EXTRACTED INFORMATION =
▼

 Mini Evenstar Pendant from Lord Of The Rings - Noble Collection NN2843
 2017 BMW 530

▲
▼

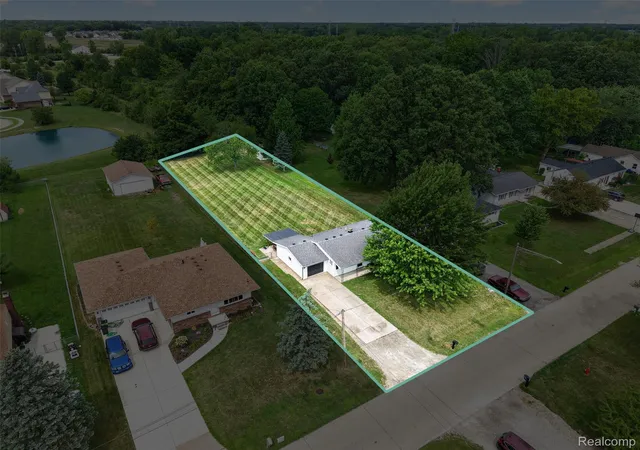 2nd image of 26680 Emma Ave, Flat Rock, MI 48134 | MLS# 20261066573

▲

AIM OF THE EXERCISE = Of the lines above, extract only those from the line with "Mini Evenstar Pendant" to the line with "2017 BMW 530", both included, exactly as written.

COMPLETED TASK =
 Mini Evenstar Pendant from Lord Of The Rings - Noble Collection NN2843
 2017 BMW 530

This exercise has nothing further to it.